Notting Hill Carnival is London’s biggest street party, with costumed revellers and steel bands bringing the city to life in a colourful celebration of West Indian culture. In sharp contrast to its euphoric atmosphere, Carnival’s origins lie in race riots that saw the newly arrived immigrant population attacked by white nationalists.
The Notting Hill race riots
As Majbritt Morrison argued with her husband Raymond Morrison outside Latimer Road tube station on 29 August 1958, neither could have anticipated what would happen next. The mixed-race couple’s argument – Majbritt was Swedish and Raymond, Jamaican – became the catalyst for racially motivated attacks carried out by a white nationalists, particularly a subset youth movement called the Teddy Boys.
This subgroup had long been critical of West Indian immigration to the North Kensington area, especially when it came to interracial relationships.
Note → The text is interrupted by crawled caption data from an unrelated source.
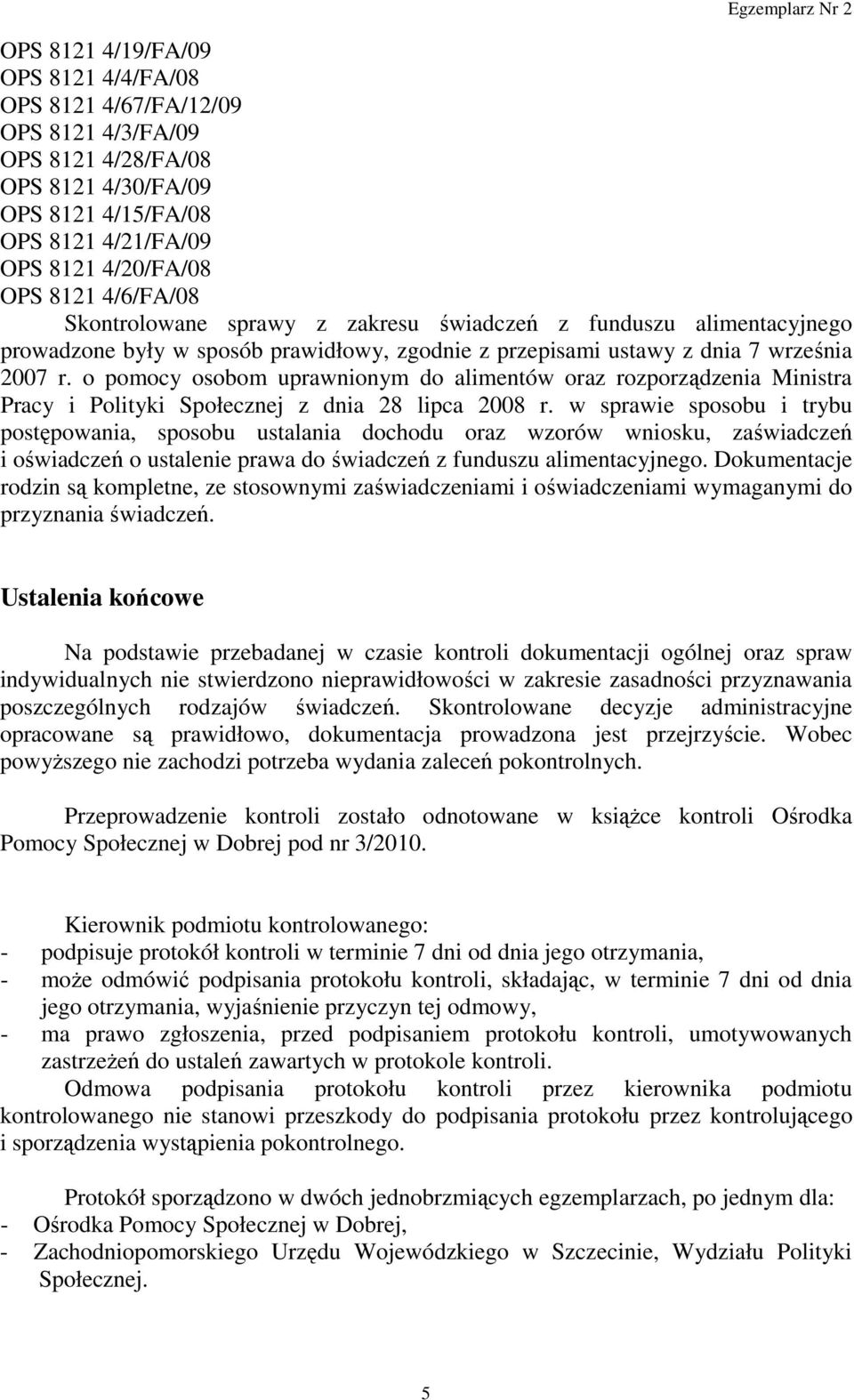 o pomocy osobom uprawnionym do alimentów oraz rozporządzenia Ministra Pracy i Polityki Społecznej z dnia 28 lipca 2008 r.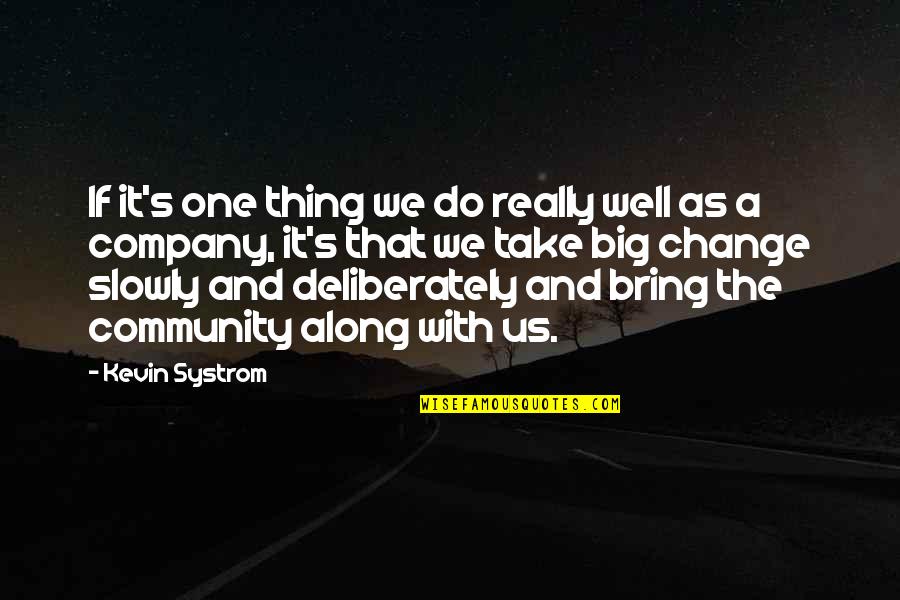 One Community Quotes By Kevin Systrom: If it's one thing we do really well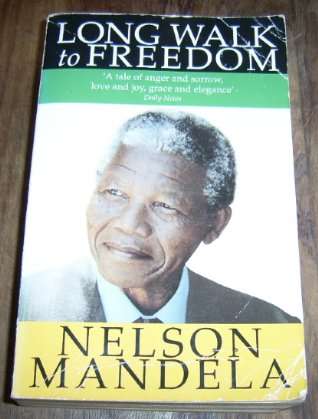 LONG WALK TO FREEDOM BY NELSON MANDELA
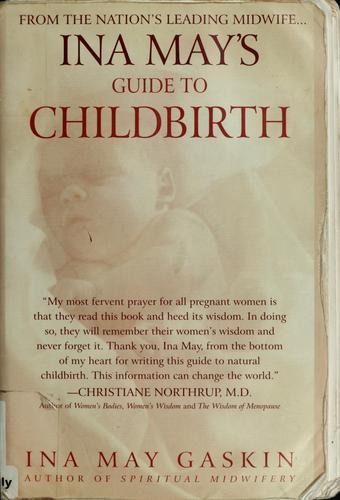 Ina May Gaskin: Ina May's guide to childbirth (2003)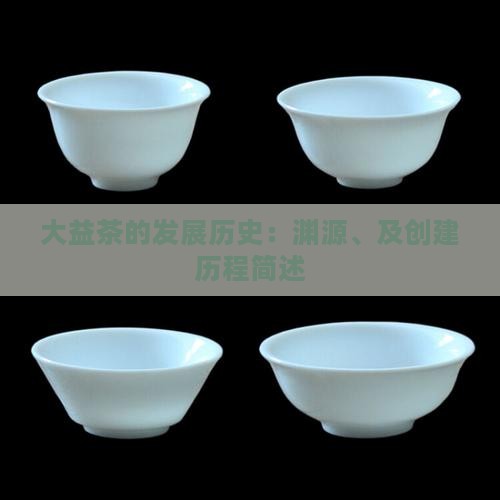 大益茶的发展历史：渊源、及创建历程简述
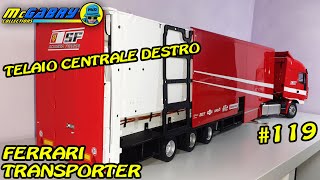 COSTRUISCI IL MODELLINO FERRARI TRANSPORTER CENTAURIA N119 TELAIO CENTRALE DESTRO UNBOXING [upl. by Anaili]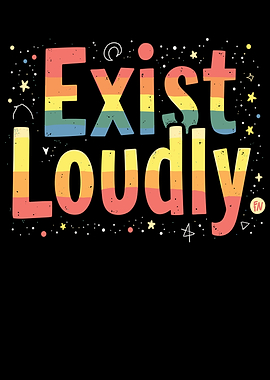 Exist Loudly - Colorful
When Morrison rebuffed a group of Teddy Boys who later approached her, they resorted to flinging insults and objects at her, calling her a “black man’s trollop”.
The following night, Notting Hill erupted in violence as hundreds of young white men took to the streets, throwing home-made firebombs at the houses of black residents. As one resident described the experience to the BBC, “They’re marking the outside of the houses for the [Teddy] Boys to know where to bomb and where not to bomb.” The attacks continued until 5 September.